Leave a comment! Just click on Comments at the bottom of each post and a box will appear. If you have a question, I always respond!


Wednesday, May 29, 2013

Operant Conditioning Behaviour Analysis

As I mentioned in an earlier post, I am taking an intensive on-line course in the above named subject through Dalhousie University in Nova Scotia.  I thought I would be able to post progress reports etc. but mostly I'm too busy to write about it at the moment!  Sheesh - it's a lot of work but I love the rigor, the learning and the discipline.

Here's a brief synopsis of what we're doing so far.  Each Sunday, we are assigned a lesson for the week.  This includes reading, watching some video examples of the subject for the week, posting answers to questions on the group forum, doing a weekly quiz on theory and of course daily training with our chosen animal.  I'm working with Rose.

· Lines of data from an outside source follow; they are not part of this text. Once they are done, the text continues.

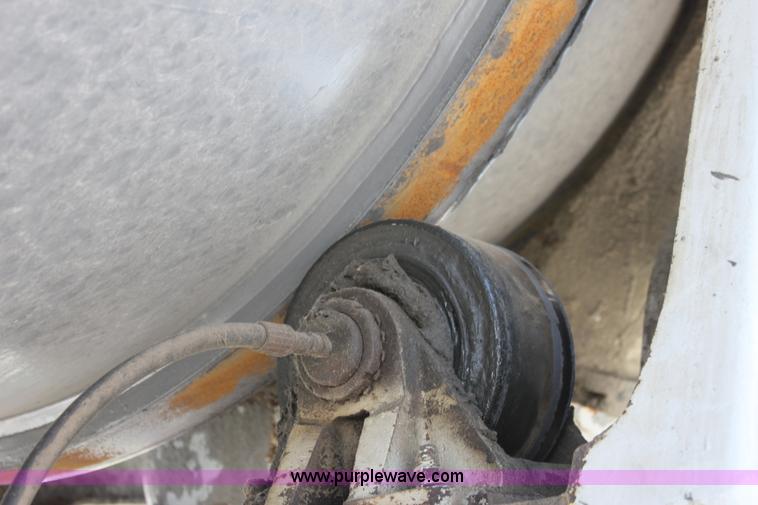 image for item D5097 1996 Ford L9000 mixer truck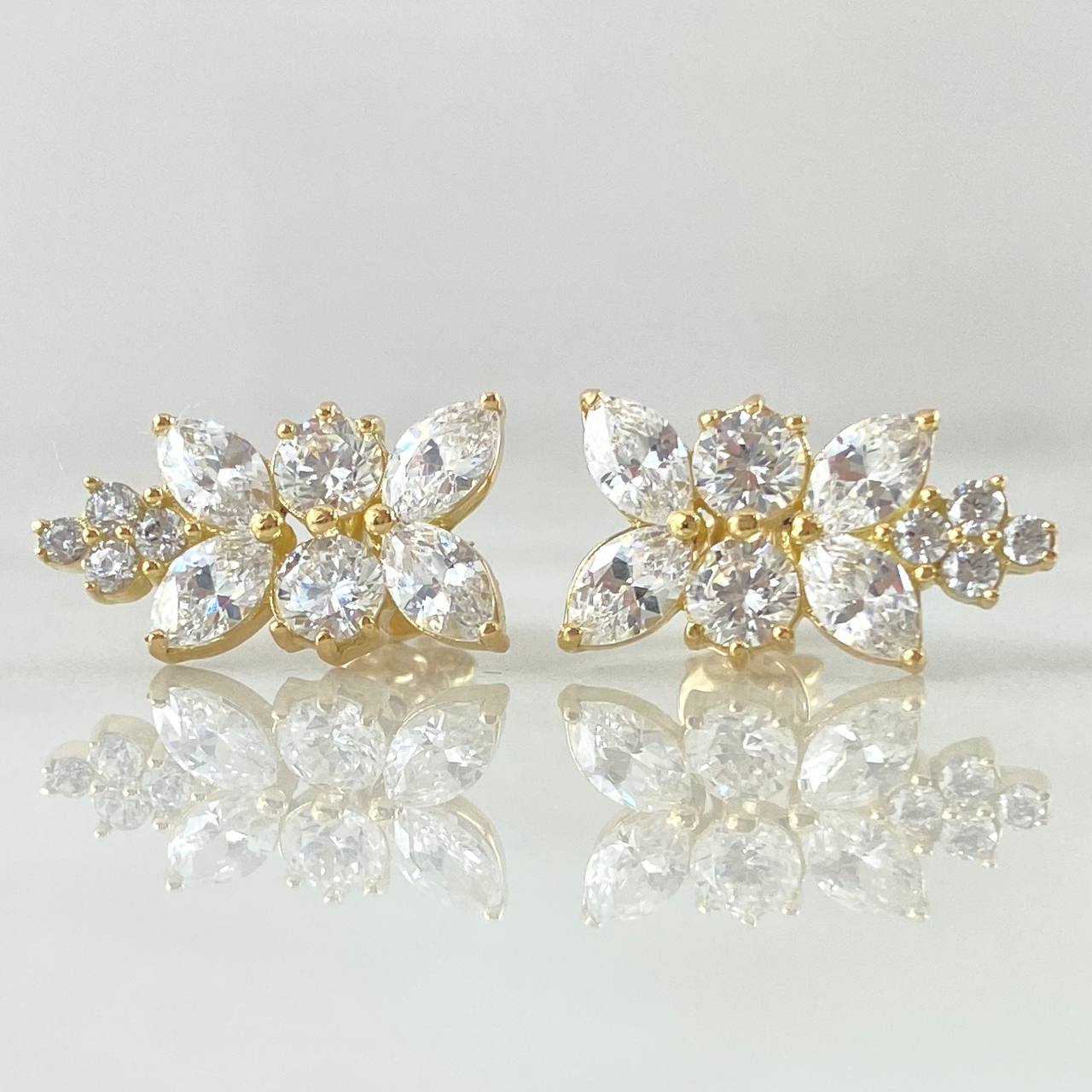 Leaf Set in Sequence - Stud Earrings 1.3cm (0.5in) - Ring Size 6 1/2 5.3gr White Zircons Special Birth 18K Gold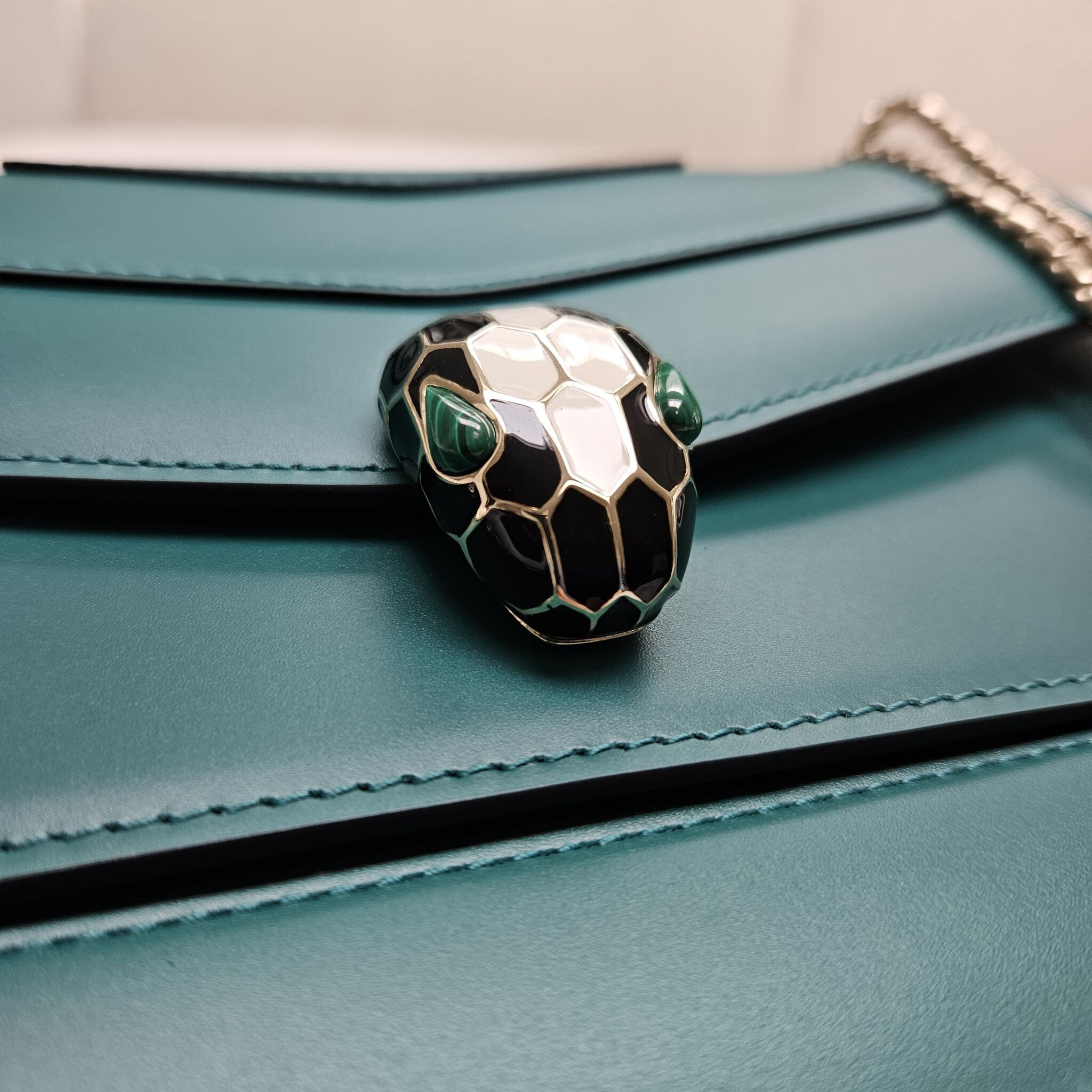 Bulgari Forever Serpenti Bag, Kalveskind, Emerald Green GHW - Laulay Luxury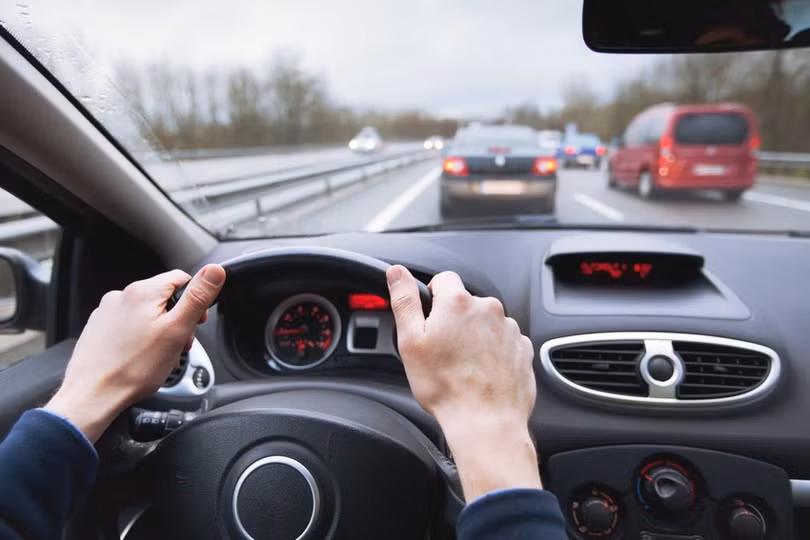 8 quy tắc giúp bạn an toàn hơn khi lái xe trên đường cao tốc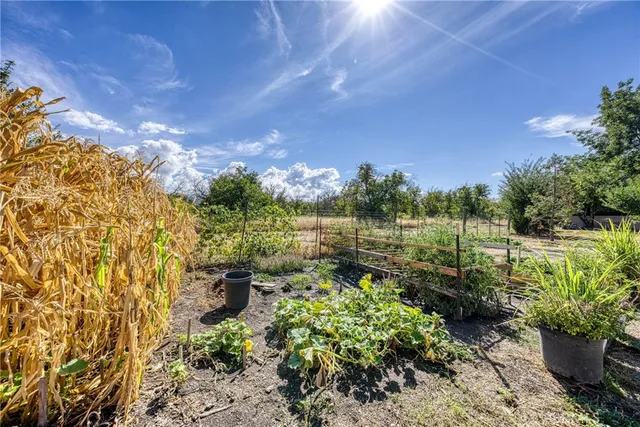 $400,000 | 9180 Bridge Arbor North, Upper Lake, CA 95485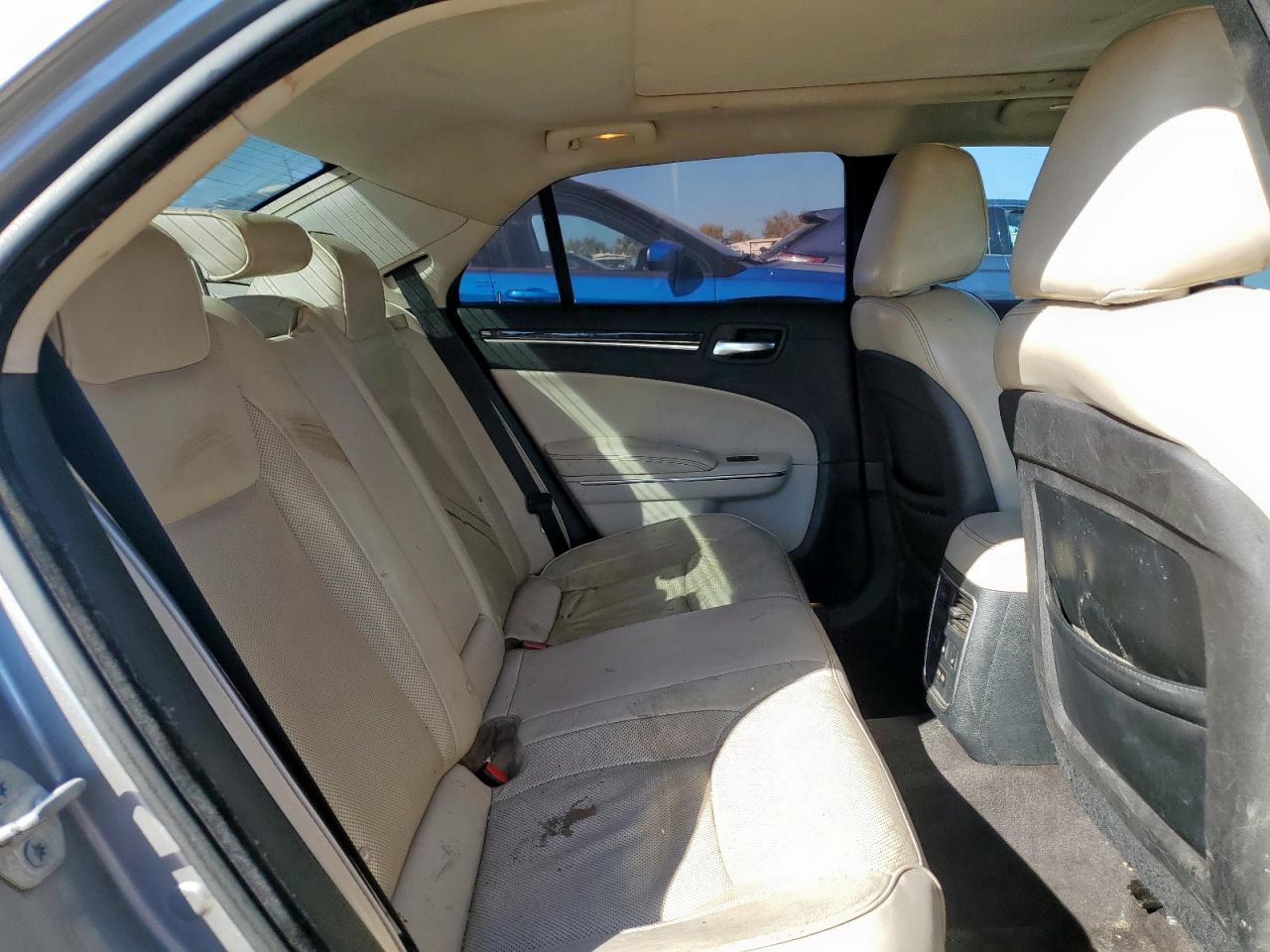 2016 CHRYSLER 300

The training part includes writing shaping plans and training charts for everything we do.  I'm finally getting used to this!  This is important as it tracks progress and helps the trainer know when to raise criteria, back-up or move on.  We are training in small steps towards a goal (successive approximation)
and we're constantly evaluating the animal's response about what he/she has learned so far.  We are setting the animal up for success as this is the key to learning!

Then we video ourselves working on the week's assignment (with the animal of course) and submit the video, shaping plan and training chart.  These will be downloaded by the instructors and graded.Video taping your work is fabulous!  You learn so much by watching yourself!  Last week I made about 6 videos and found mistakes in each one!  Either I was clicking a bit late or saying the cue too early and I was able to notice my own body posture and perhaps unintentional cues.  You really learn to hone your skills by watching what you do on video - I highly recommend it!

We're in week 6 of 12.  So far the weekly lessons have covered theory, terminology and the four training techniques associated with operant conditioning. We had to choose four behaviors to train, each using the different approaches: molding, luring, capturing and shaping.  We learn when and how to add a cue.

We were asked to choose and train 3 basic care behaviors.  I chose handling Rose's mouth, putting her foot in a soaking boot and trailer loading.

We moved on to a variable schedule of reinforcement - that's when you don't click and treat for every behavior - rather you might choose to reward the 1st, 3rd and 5th try.  Think of being in a casino - if every time you pulled the handle on the slot machine you got a nickle, it would become boring and eventually you'd quit!  Same thing with training animals!  You want them to try and try again - but that's only once the behavior has become fluent (or really well understood.)

Now we are proofing two behaviors- so that means: will the animal do such and such anywhere, anytime?  In a snowstorm, in the dark, on the road, etc. etc.  To proof a behavior (one the animal already knows) you change the criteria - you can change the environment, or the duration of the behaviour, or some other factor to see how well the animal responds ... will she do such and such under this condition?

It's really fun - there's tons to read and understand - Rose is fantastic to work with but then, I think any animal would be really because this technique is tailor-made for each individual.  You work with a particular animal at their level of understanding!

I should be spending more time in my studio however - I have a show coming up fast - and the garden is full of weeds!